(Dataset excerpts)
▬▬▬▬▬▬

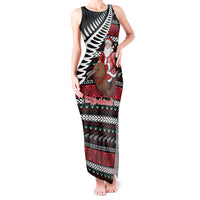 New Zealand Kiwi Santa Christmas Tank Maxi Dress He Wairua Kirihimete LT9 Women Black - Polynesian Pride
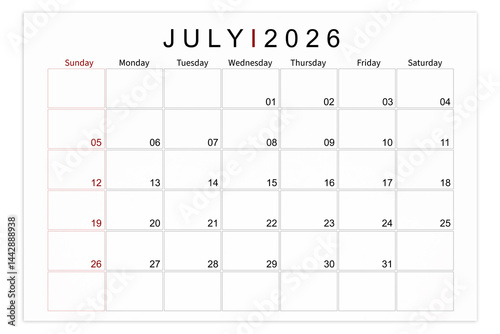 July 2026 Blank calendar page isolated on white background, Save clipping path.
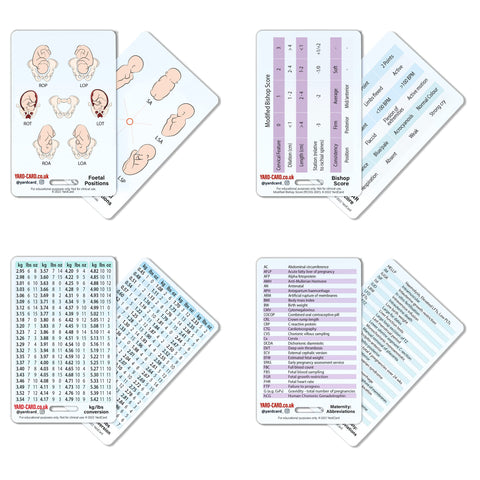 YardCard - Student Midwife Reference Card Set: Weight Conversions, Bishop Score, Foetal Positions, Abbreviations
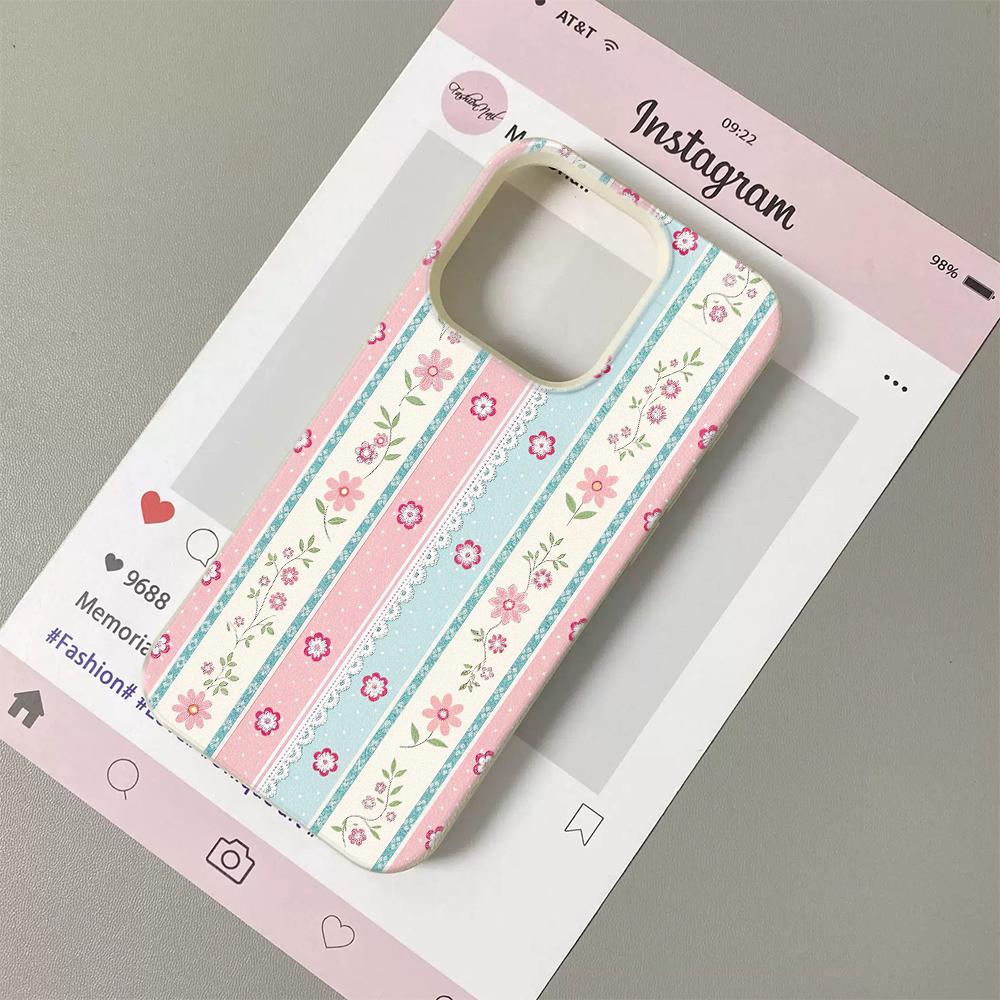 

Pink Green Floral Stripe Lychee Texture Phone Case For iPhone 17 16 14 15 Plus 13 12 11 Pro Max X XR 17 Air Shockproof Cover iPhone XR
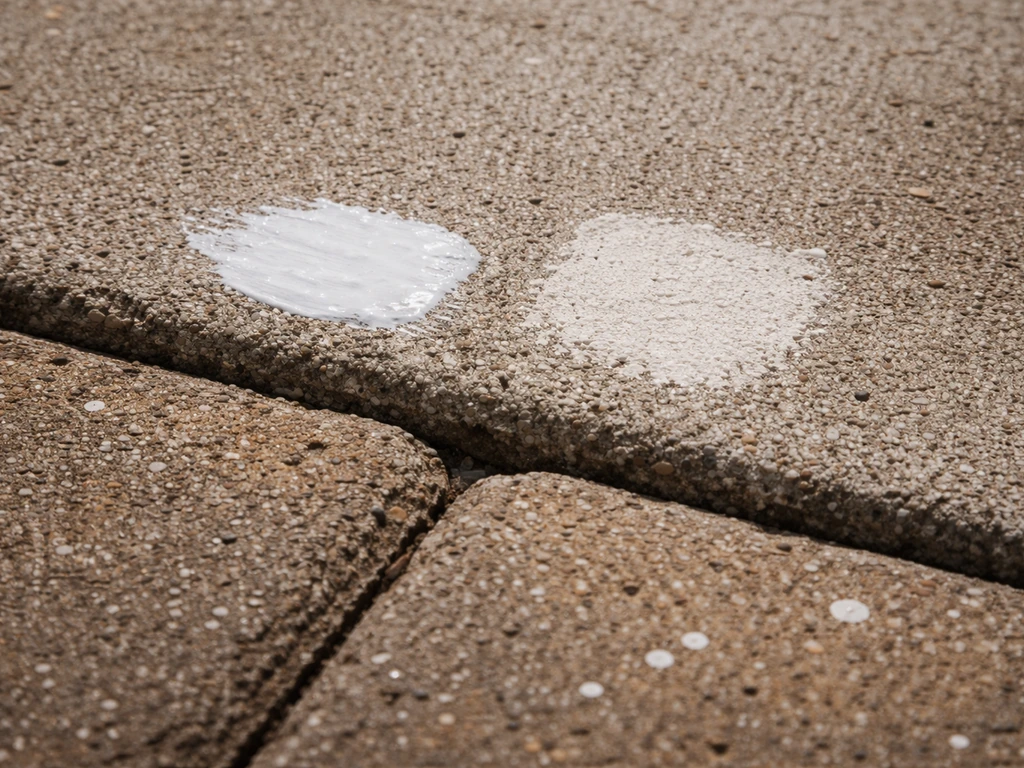 Close-up of patio material texture samples showing fresh vs dried paint on concrete and pavers.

▬▬▬▬▬▬

Task description:
A word-for-word copy of all the data is required, minus the pictures.

Answer to the exercise:
 New Zealand Kiwi Santa Christmas Tank Maxi Dress He Wairua Kirihimete LT9 Women Black - Polynesian Pride
 July 2026 Blank calendar page isolated on white background, Save clipping path.
 YardCard - Student Midwife Reference Card Set: Weight Conversions, Bishop Score, Foetal Positions, Abbreviations

Pink Green Floral Stripe Lychee Texture Phone Case For iPhone 17 16 14 15 Plus 13 12 11 Pro Max X XR 17 Air Shockproof Cover iPhone XR
 Close-up of patio material texture samples showing fresh vs dried paint on concrete and pavers.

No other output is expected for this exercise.